- Episode no.: Season 4 Episode 5
- Directed by: Ferdinand Fairfax
- Original air date: 13 June 1993

Episode chronology
| ← Previous "The Delayed Arrival" | Next → "The Ties That Bind" |

= Trouble at Totleigh Towers =

"Trouble at Totleigh Towers" is the fifth episode of the fourth series of the 1990s British comedy television series Jeeves and Wooster. It is also called "Totleigh Towers". It first aired in the UK on on ITV. Some of the external scenes were filmed at Highclere Castle.

In the US, it was one of five episodes of Jeeves and Wooster that were not aired as part of the original broadcast of the television series on Masterpiece Theatre, though all episodes were made available on US home video releases. "The Bassetts' Fancy Dress Ball" aired as the fifth episode of the fourth series of Jeeves and Wooster instead.

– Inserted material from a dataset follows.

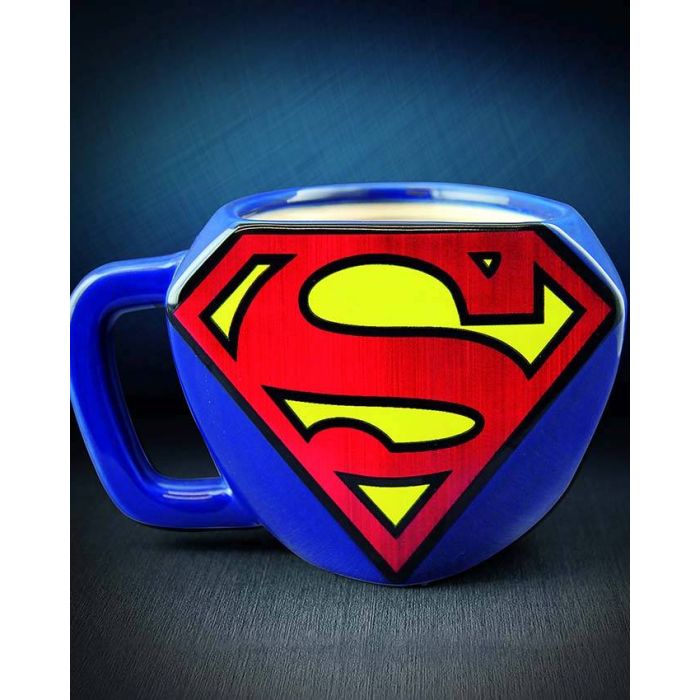 Šolja DC Comics Superman Shaped Mug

In the episode, Wooster appears in blackface and uses racial stereotypes to impersonate a visiting dignitary.

== Background ==
Adapted from Stiff Upper Lip, Jeeves. The filming location for Totleigh Towers, where much of the episode takes place, was Highclere Castle.

==Cast==
- Bertie Wooster – Hugh Laurie
- Jeeves – Stephen Fry
- Roderick Spode – John Turner
- Sir Watkyn – John Woodnutt
- Madeline Bassett – Elizabeth Morton
- Stiffy Byng – Charlotte Attenborough
- Gussie Fink-Nottle – Richard Braine
- Stinker Pinker – Simon Treves
- Major Plank – Norman Rodway
- Constable Oates – Sidney Livingstone
- Emerald Stoker – Emma Hewitt
- Toto – Colin McFarlane
- Butterfield – Preston Lockwood

==Plot==
Stiffy tasks Bertie with stealing a statuette that is believed to be cursed. Gussie Fink-Nottle resists his fiancée Madeline Bassett's attempts to make him a vegetarian.